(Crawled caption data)

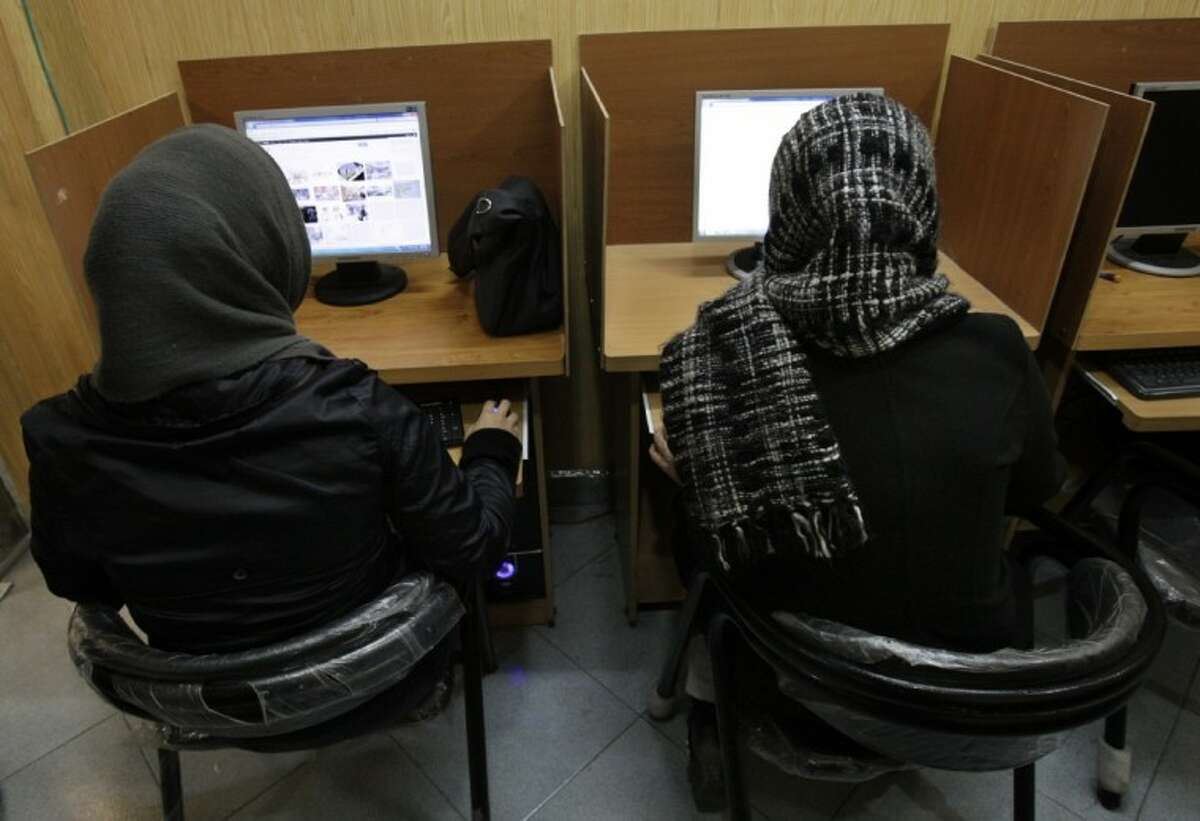 In this Feb. 13, 2012 file photo, Iranian women use computers at an Internet cafe in central Tehran. Iran’s cyber monitors often tout their efforts to fight the West’s 'soft war' of influence through the web, but trying to ban Google’s popular Gmail may have gone too far with complaints coming even from email-starved parliament members.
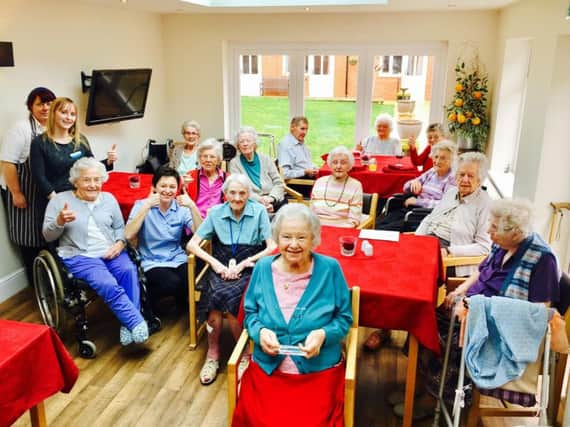 The residents of Grangefield Care Home with the newly-minted award.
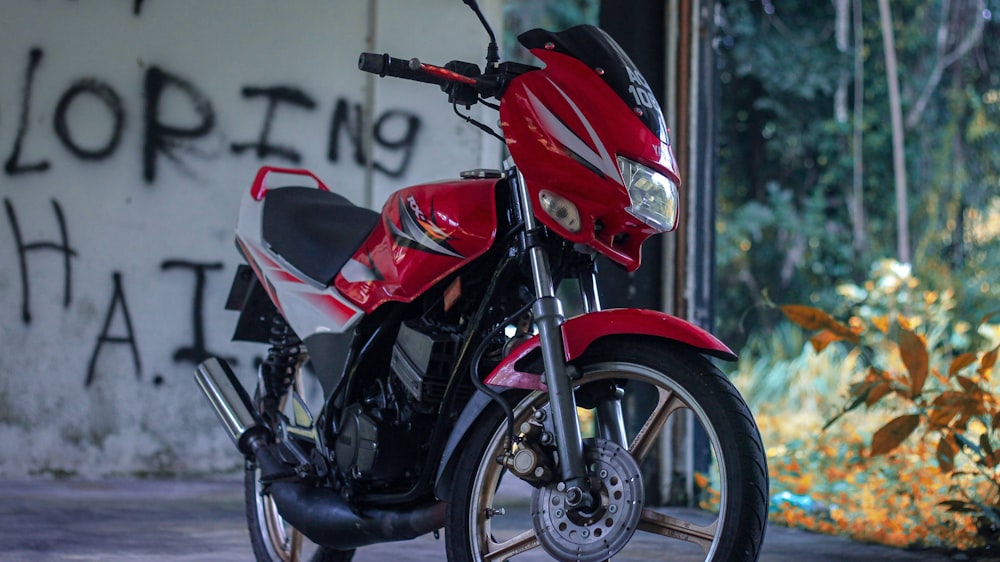 a red motorcycle parked in front of a building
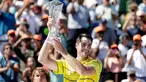 Petenis AS, John Isner memegang trofi seusai meraih gelar juara Miami Terbuka 2018 di Key Biscayne, Minggu (1/4). Pada laga final yang menegangkan tersebut, Isner sukses menaklukkan petenis Jerman Alexander Zverev 6-7, 6-4, 6-4. (AP/Lynne Sladky)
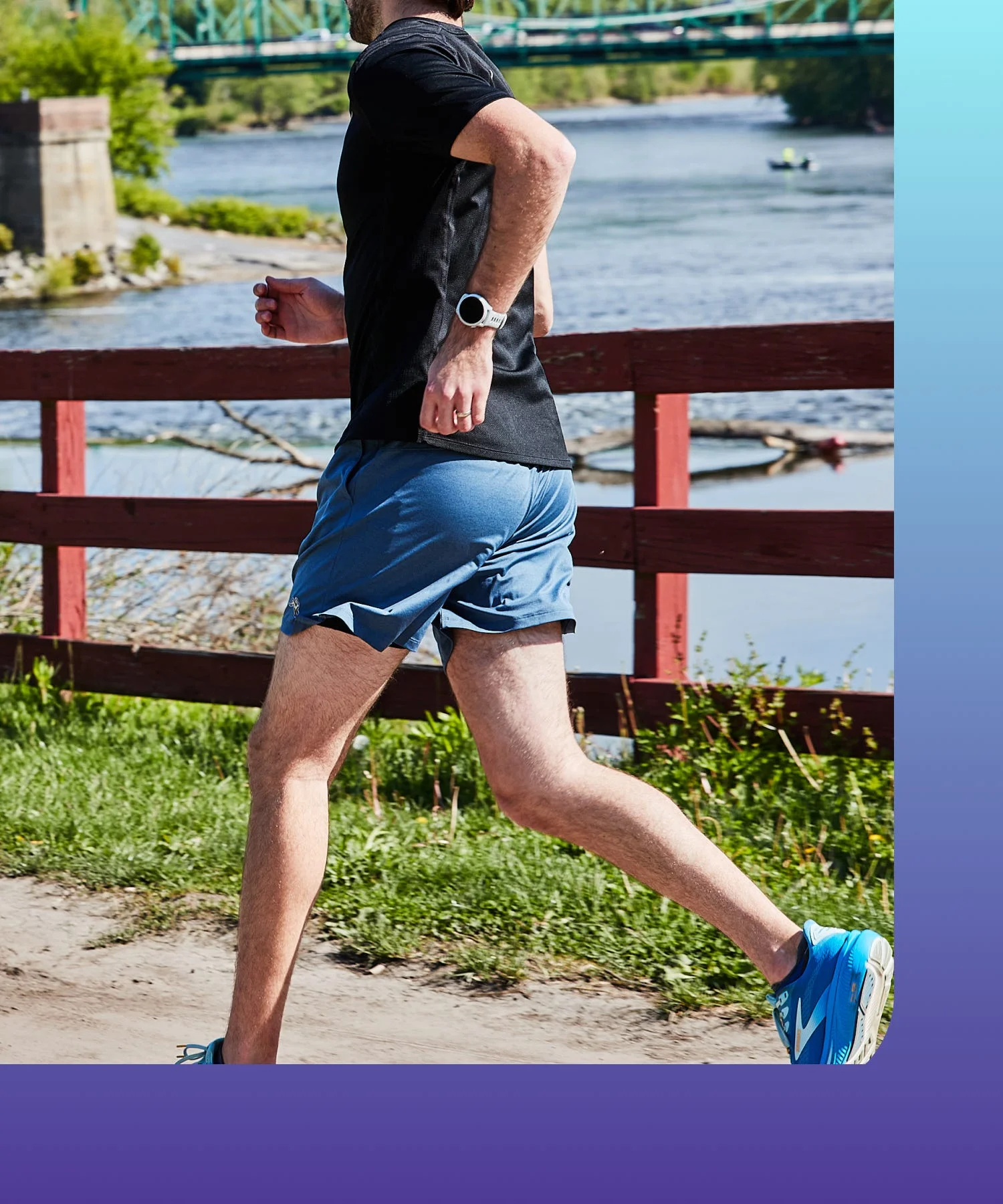 Person jogging along a riverbank. Person jogging along a riverbank.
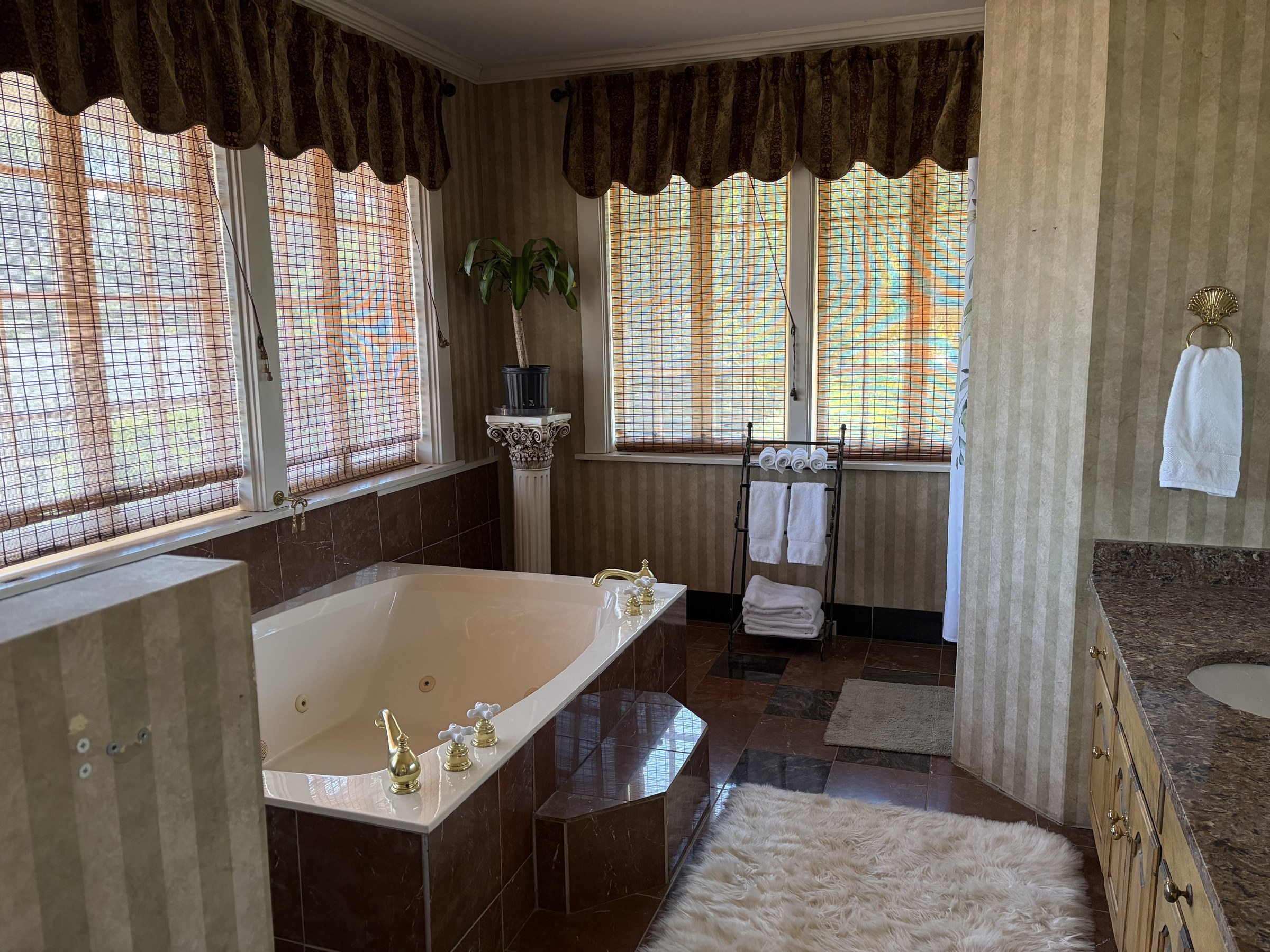 Thompson suite bath with a jetted soaking tub, gold fixtures, and striped wallpaper.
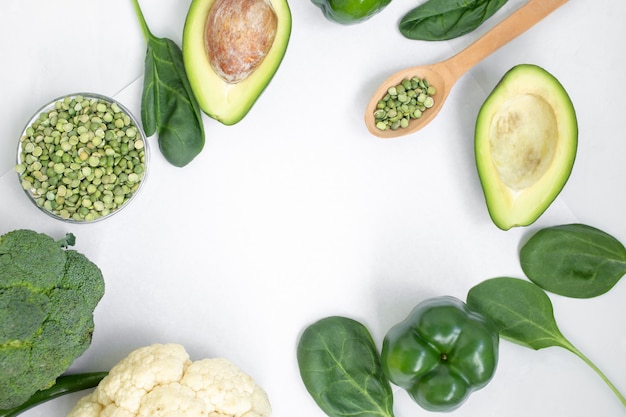 Green vegetables and herbs on a light background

== WORK REQUIRED ==
Set the lines above down again, word for word, from the first through the one containing "a red motorcycle"; pictures excluded.

== ANSWER TO THIS PROBLEM ==
 In this Feb. 13, 2012 file photo, Iranian women use computers at an Internet cafe in central Tehran. Iran’s cyber monitors often tout their efforts to fight the West’s 'soft war' of influence through the web, but trying to ban Google’s popular Gmail may have gone too far with complaints coming even from email-starved parliament members.
 The residents of Grangefield Care Home with the newly-minted award.
 a red motorcycle parked in front of a building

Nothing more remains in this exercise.